Relay Payments•Atlanta, GA

11h•Hybrid

About The Position

Relay Payments is seeking a pragmatic, curious Cloud Engineer to join our technology team. This role is designed for a software engineer who enjoys understanding how systems actually work in production and wants to grow into reliability and infrastructure ownership over time. You’ll work closely with senior engineers to help operate and improve our platform. This includes a mix of hands-on operational work (responding to alerts, following runbooks, maintaining systems) and project-based work to improve reliability, automation, and developer experience. You’ll be expected to learn quickly, take ownership, and steadily expand the scope of what you can handle independently. You’ll be part of a small, high-leverage team focused on platform and reliability, working alongside experienced engineers who will mentor and support your growth. You will initially have read-only access to most production systems and will ramp into deeper ownership as you build familiarity and trust.
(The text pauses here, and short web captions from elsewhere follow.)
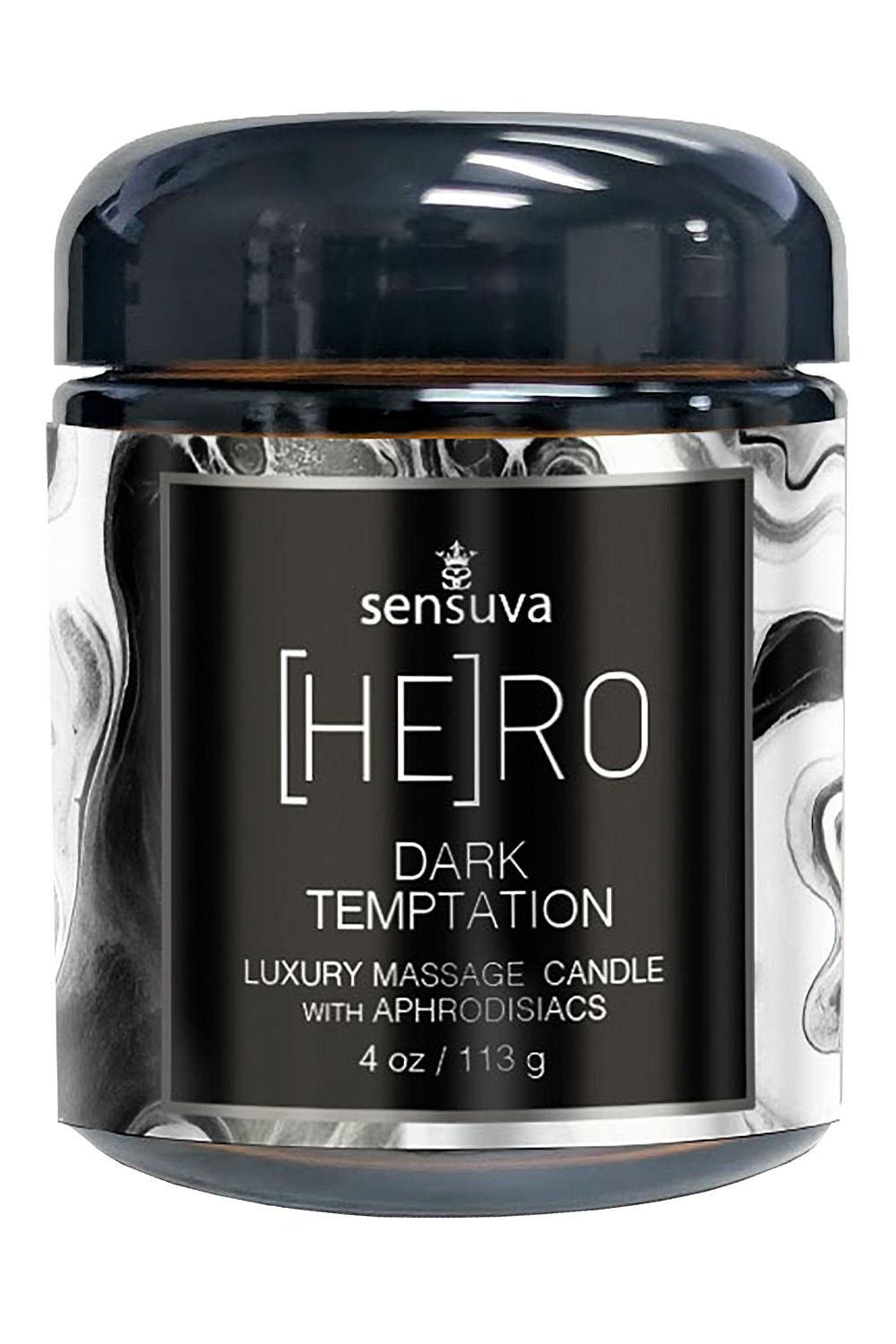 SENSUVA HERO DARK TEMPTATION LUXURY MASSAGE CANDLE OCEAN AND FOREST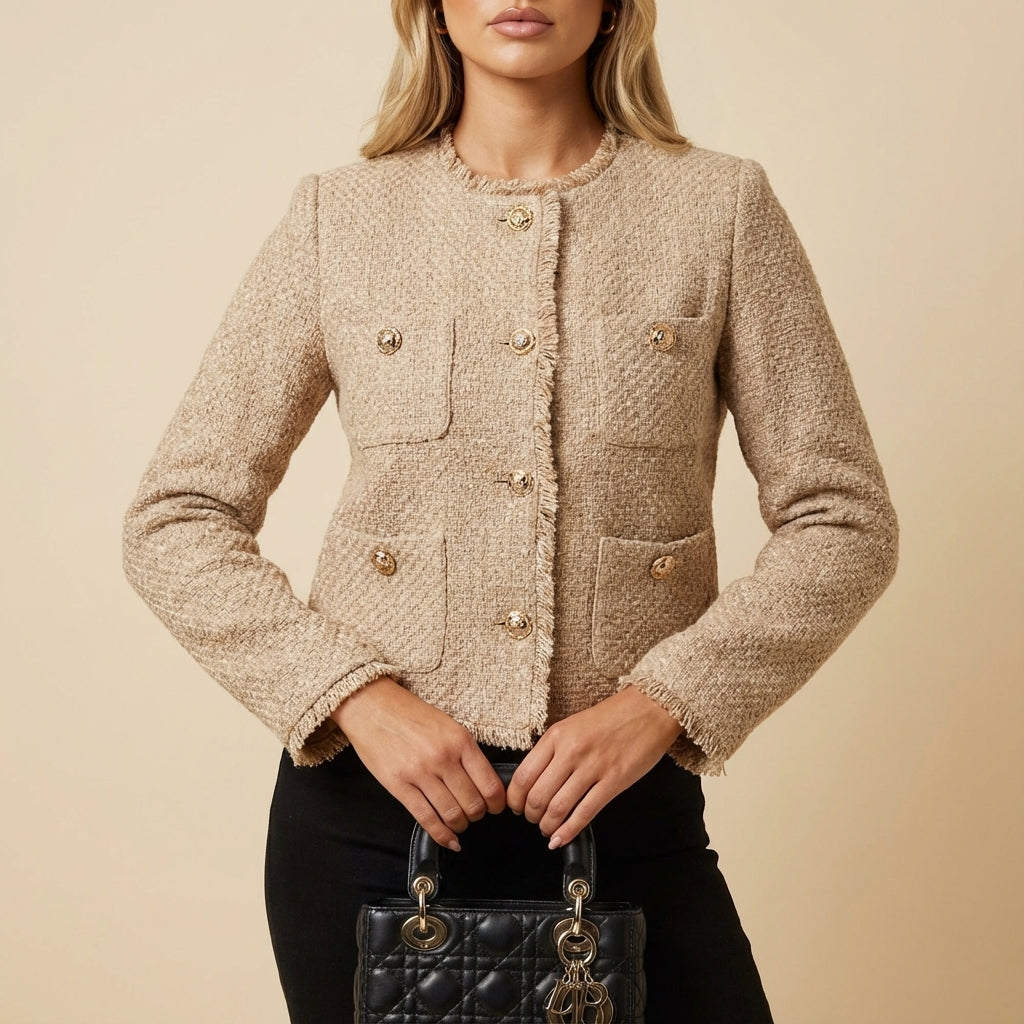 Marynarka damska o strukturalnym kroju z guzikami | Styl miejski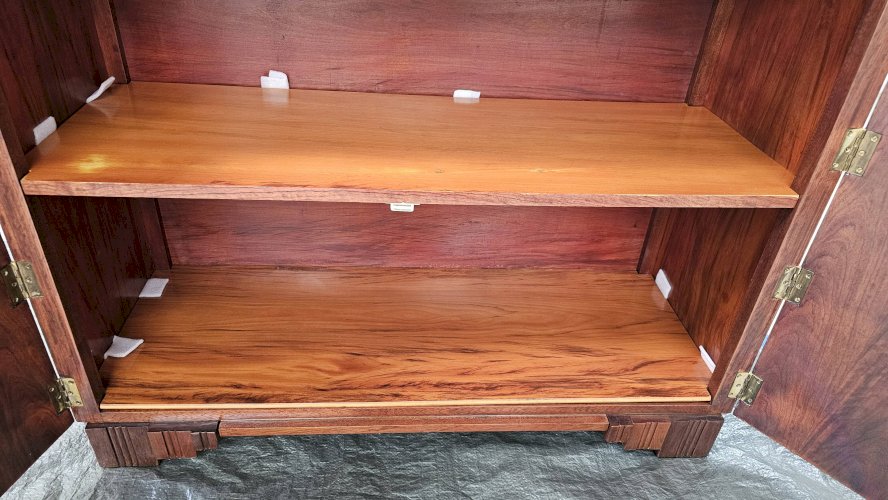 Buffet Art Déco de Saddier & Fils en palissandre massif et placage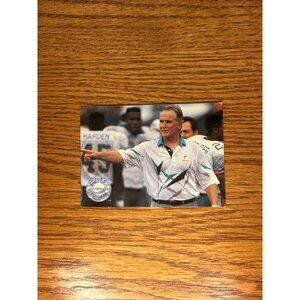 Don Shula 1991 Pro Set Platinum Card #285; Miami Dolphins nfl football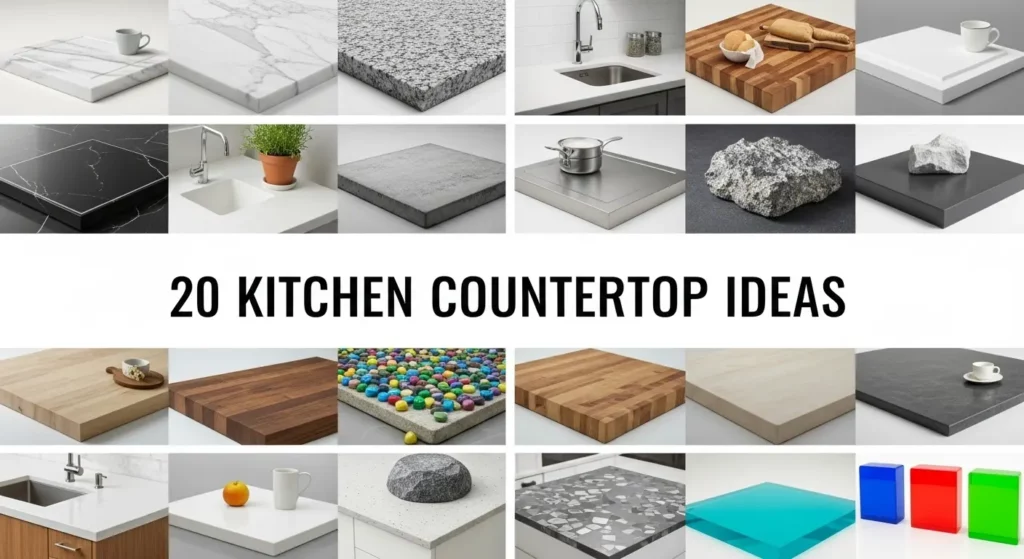 20 Kitchen Countertops Ideas Innovative Materials That Redefine Modern Design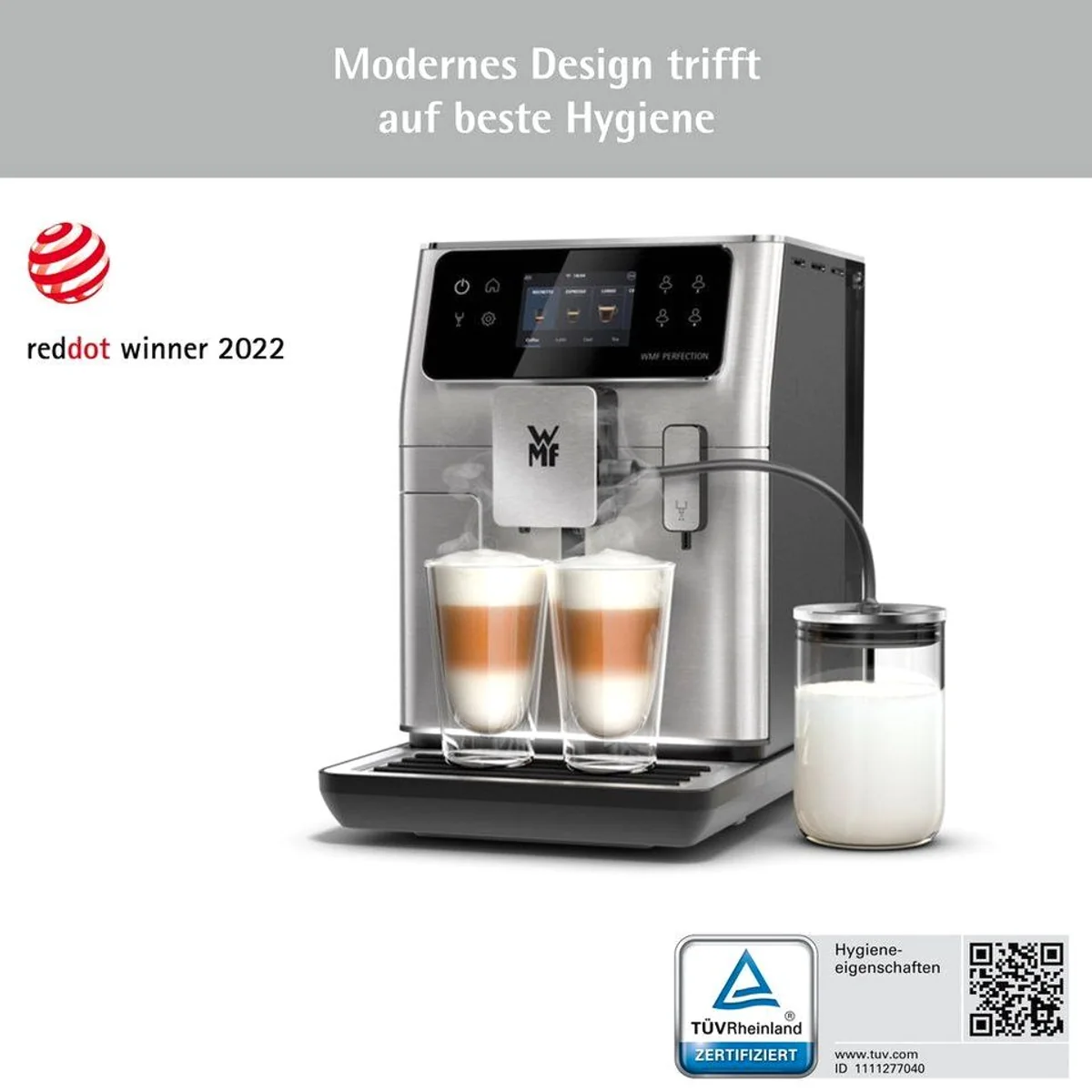 WMF Perfection 680 Kaffeevollautomat, 21 Rezepte, WiFi-Konnektivität, Doppel-Thermoblock 2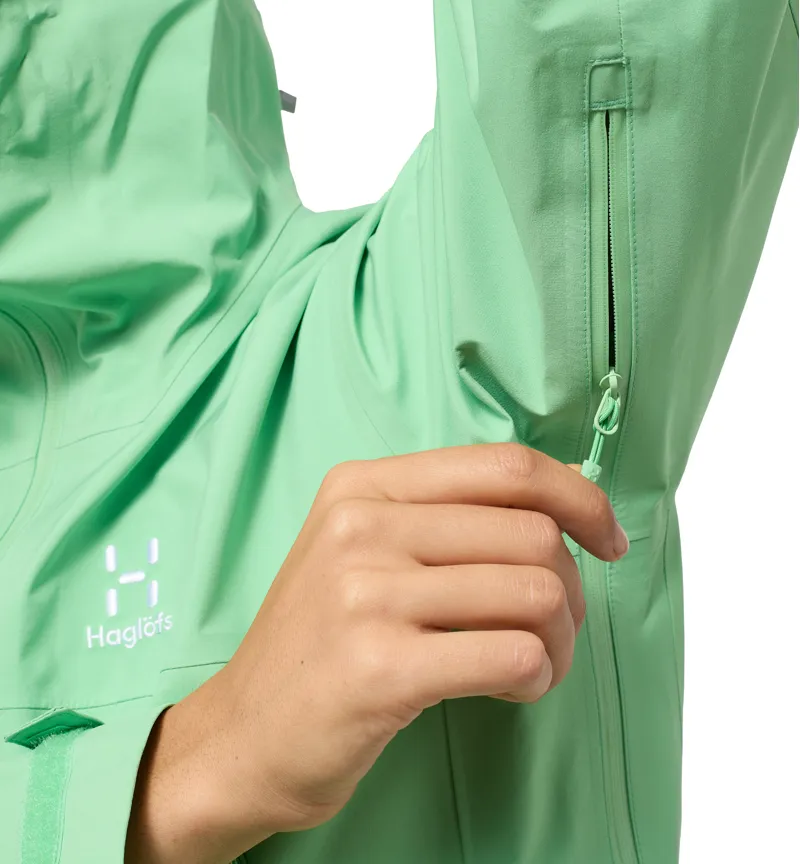 Haglofs Womens Front Proof Jacket Frost Mint Stone-5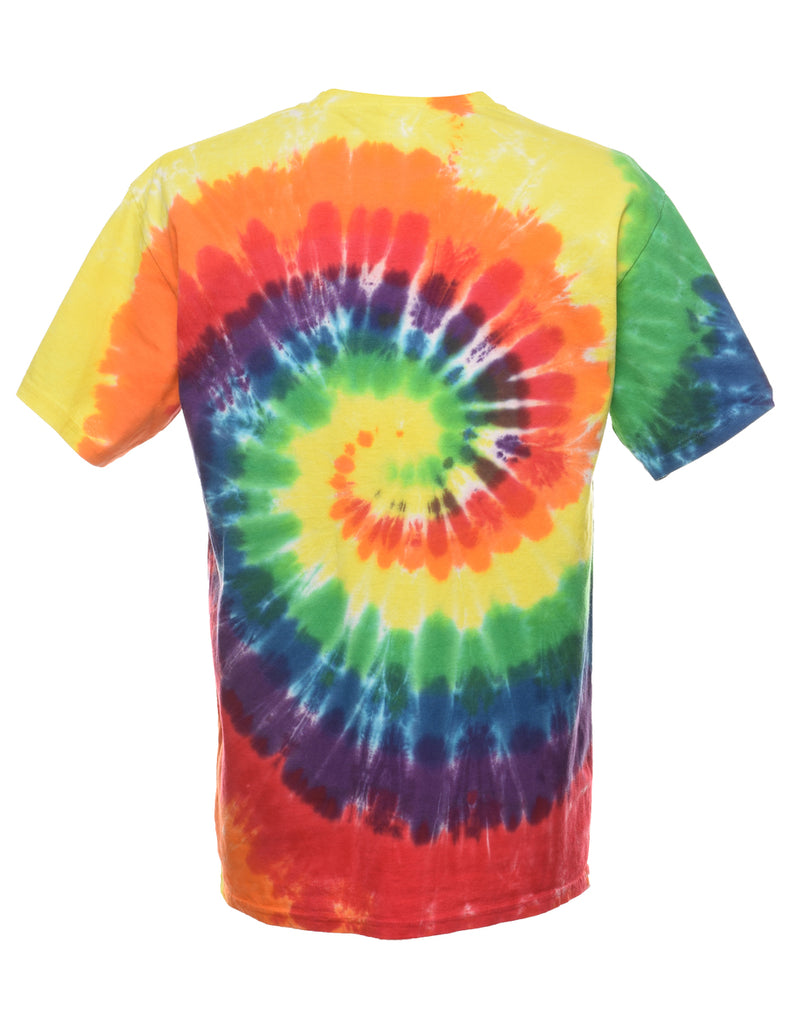 Tie Dye Circles Of Care Printed T-shirt - M
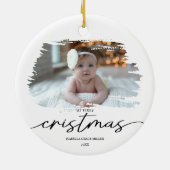 Mein erstes Weihnachtsgeschenk Elegantes Modernes Keramik Ornament (Hinten)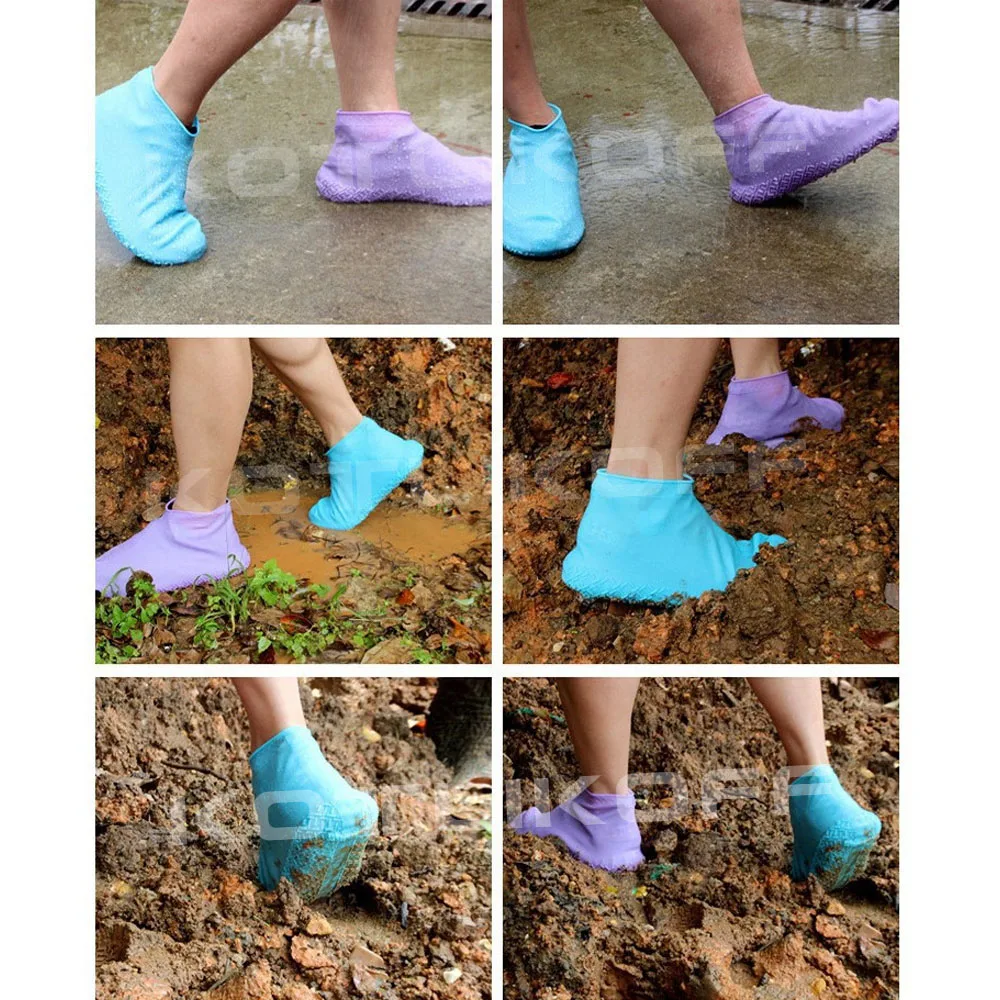 Shoe Covers Silicone Reusable Waterproof Rainproof Non-slip Washable Unisex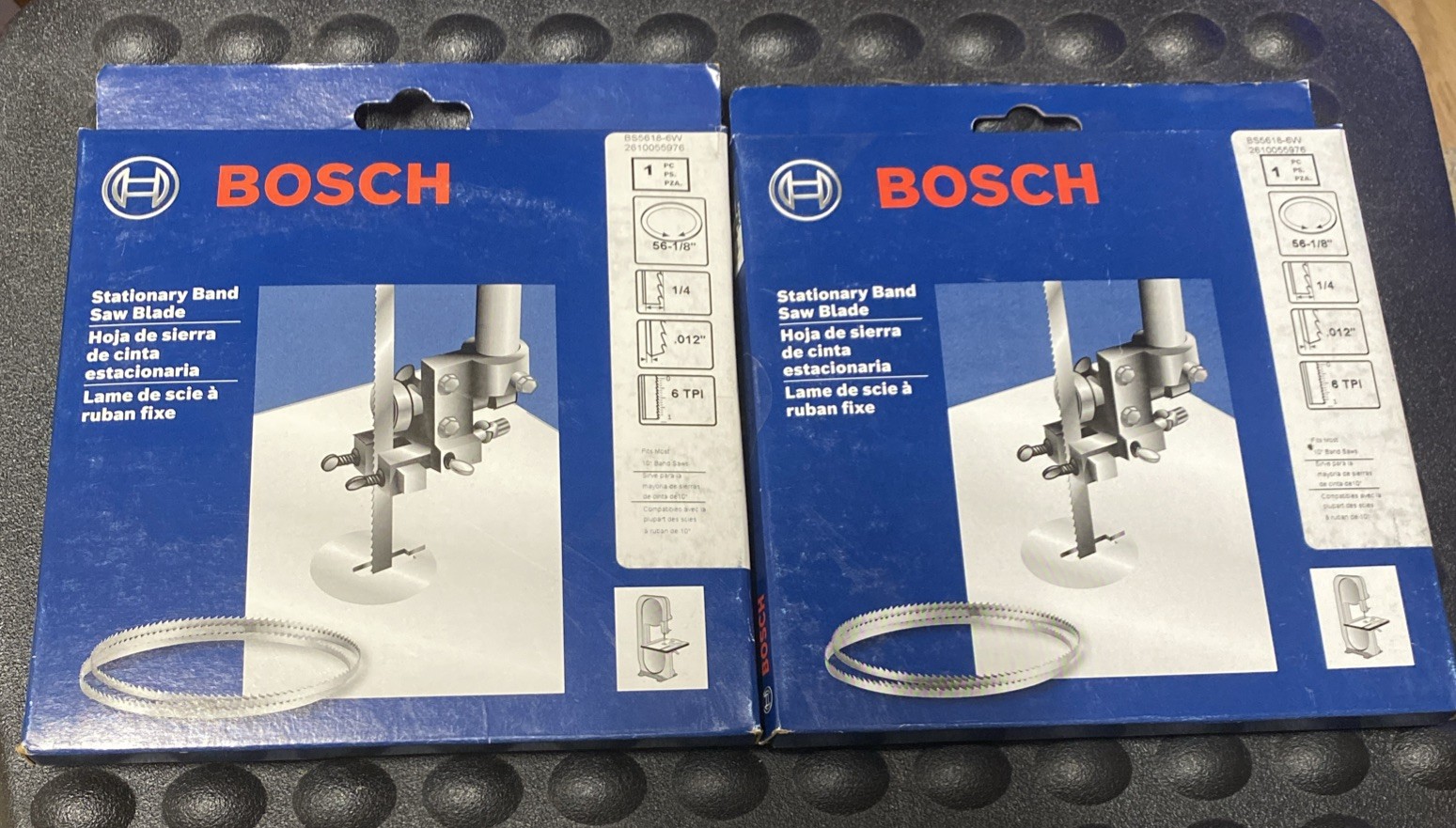 (2)Bosch BS5618-6W Band Saw Blade 56 1/8" 6-tpi Brand New In Sealed Box B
Success in this role means becoming someone who can independently handle the majority of platform and system-related requests from internal teams, while knowing when to escalate and ask for help.

Requirements

3+ years of software engineering experience working on a team building and operating cloud-based applications with real users.
Experience working across different parts of a system (frontend, backend, APIs, infrastructure, or data systems).
Comfortable reading and working in multiple languages or technologies, even if not an expert in any one of them.
Experience working within a team using standard software development practices (code reviews, testing, deployments, handling production issues).
Demonstrated curiosity about how systems work in production and a desire to learn infrastructure, reliability, and operational best practices.
Strong problem-solving skills and willingness to dig into unfamiliar systems to understand and resolve issues.
Ability to follow structured processes (runbooks, incident response) while also identifying opportunities to improve them.
Comfortable working in environments where some work is repetitive or operational in nature, with a focus on doing it well and improving it over time.
Good communication skills and ability to collaborate with engineers across different teams.

Responsibilities

Respond to production alerts as part of an on-call rotation (1 week on, 3 weeks off), using established runbooks and escalating when appropriate.
Follow and improve operational playbooks for common production issues and system maintenance tasks.
Support patching, upgrades, and routine system maintenance to keep our platform secure and stable.
Work with logging, monitoring, and alerting systems (OpenSearch, CloudWatch, Sentry, JSM, Slack) to investigate and resolve issues.
Contribute to infrastructure and tooling improvements using a variety of technologies (e.g., Terraform, Go, Python), with guidance from senior engineers.
Assist internal engineering teams with platform-related requests, debugging production issues, and improving system observability.
Participate in incident response and postmortems to understand failure modes and improve system reliability.
Continuously learn how our systems are built, deployed, and operated, and take on increasing ownership over time.